Seven vertically infected children and adolescents who had previously failed highly active antiretroviral therapy and were resistant to nucleoside reverse transcriptase inhibitors, received a dual protease inhibitor (PI) regimen including fAVP plus ATV/r for 42 months. The patients were assessed at baseline, every month for the first 24 weeks of therapy and every 3 months until month 32. Physical examination, CD4+ cell count, HIV-RNA viral load, lipid profile and hepatic function were assessed throughout the follow up.

Results

During the study no serious adverse events were reported. CD4 absolute number increased over-time in all subjects.

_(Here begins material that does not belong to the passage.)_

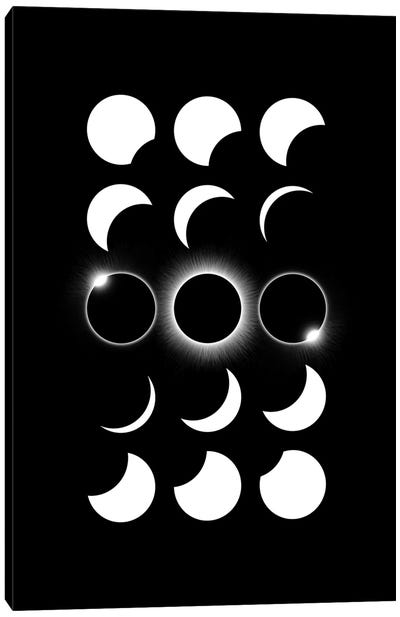 Solar Eclipse I Canvas Art Print - Crescent Moon Art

At baseline the median HIV-RNA was 6562 cp/mL (ranging 1048 -102772 cp/mL) and rapidly decreased below the limit of detection (50 cp/mL) after 2 months of the new treatment and remained undetectable in all cases through the entire study period. At the beginning of the study all cases showed a normal lipid profile. During the study period, 4/7 subjects showed total cholesterol, low density lipoprotein and triglyceride levels >97th cent.le for the males and 94th cent.le for the females. HDL cholesterol showed protective values. Hepatic enzymes remained stable during the entire observation, whereas total bilirubin showed toxicity II/III grade in 6/7 subjects. No change in fat redistribution and insulin resistance was observed.

Conclusion

Dual-boosted protease inhibitor therapy was virologically and immunologically effective and it could be considered as a possible alternative to a rescue regimen in children and adolescents. However, hypercholesterolemia and hypertriglyceridemia need close follow-up and may limit the use of this therapeutic option.